Pour la première fois, je n’ai pas mis les pieds aux arènes de Nîmes
Disons que ma vie tauromachique a débuté à la fin des années 50. Et que depuis cette date, je n’avais jamais manqué une feria de la Pentecôte à Nîmes. Certes, pas à toutes les corridas, certes pas matins et soirs, mais avec régularité. Aux amphithéâtres quand j’avais 15, 16, 17 ans, en essayant de resquiller, en sautant les grilles, en me faisant courser par les policiers, comme me le rappelait un aficionado de mon âge qui a lu mon précédent article sur les ferias de notre jeunesse.
Et j’ai vu Antonio Ordoñez, triomphant mais aussi détestable quand il avait recours à ses estocades dans le « coin », c’est-à-dire de côté et qui provoquaient des hémorragies. Et j’ai vu Lui Miguel Dominguin mais aussi Paco Camino qui ne toréait pas que des Domecq et se frottait souvent aux Miura. J’ai vu Diego Puerta, Jaime Ostos, puis « El Cordobes » en 1964 lors de l’historique corrida où il reçut les 2 oreilles, la queue et la patte du sobrero de Juan Pedro Domecq. J’ai vu l’alternative de Simon Casas, Angel Teruel, Limeño, puis l’alternative de Curro Caro, Antoñete, Curro Romero lors d’une matinale de rêve avec le fils d’un autre torero qui faisait les beaux jours des arènes de Nîmes : Julio Aparicio.
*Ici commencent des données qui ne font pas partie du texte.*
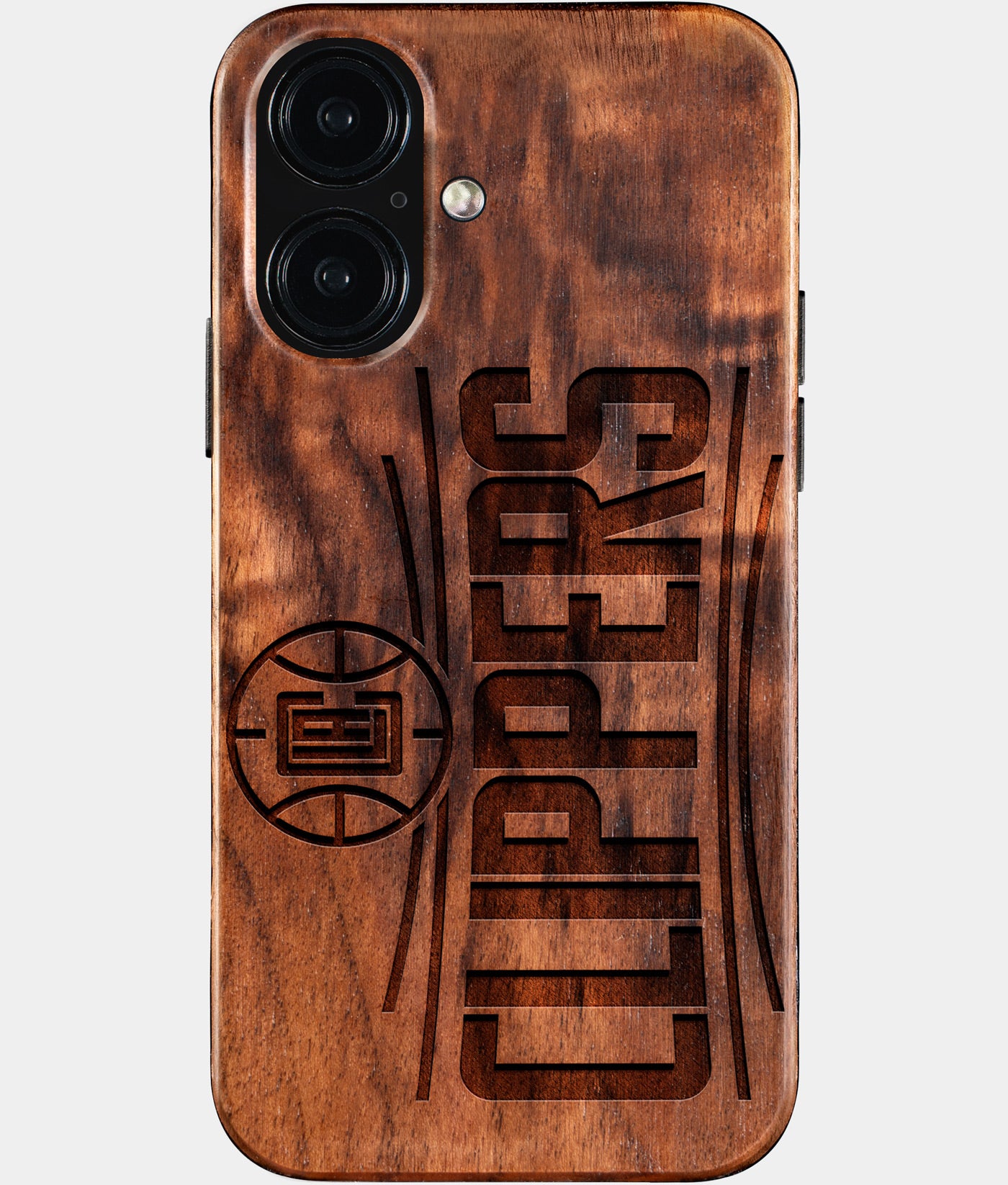 Eco-friendly Los Angeles Clippers iPhone 16 Case - Carved Wood Custom Los Angeles Clippers Gift For Him - Monogrammed Personalized iPhone 16 Cover By Engraved In Nature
J’ai vu Conchita Cintron et Marie Sara, Luc Jalabert, Jacques Bonnier, Gérald Pellen puis sa fille Patricia, les frères Domecq, Peralta, Lupi, Cartagena oncle et neveu, Mendoza…
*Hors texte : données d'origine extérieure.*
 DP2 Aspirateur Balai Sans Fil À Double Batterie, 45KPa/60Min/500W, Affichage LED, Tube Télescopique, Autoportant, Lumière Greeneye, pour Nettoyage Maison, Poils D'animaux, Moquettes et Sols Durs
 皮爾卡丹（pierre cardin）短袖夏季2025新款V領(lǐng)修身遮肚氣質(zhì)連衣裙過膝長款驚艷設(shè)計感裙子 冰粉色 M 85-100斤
Et puis j’ai vu Paco Ojeda dans deux tardes immenses mais aussi Chamaco et les débuts du très jeune El Juli. Et Les fils Litri et Camino qui reçurent l’alternative de leurs pères. Je ne peux pas oublier Nimeño II, Victor Mendes et les toros de Guardiola et même l’indulto d’un novillo de cette prestigieuse ganaderia. « Peleon » s’appelait-il, mais c’était un coup médiatique organisé par Simon Casas et Afonso Guardiola. J’ai vu José Tomas. Pas le jour de son solo de la feria des Vendanges, mais quand il a gagné la Cape d’Or de la peña Antonio Ordoñez laissant sur place Antoni Losada qui avait pourtant coupé 2 oreilles.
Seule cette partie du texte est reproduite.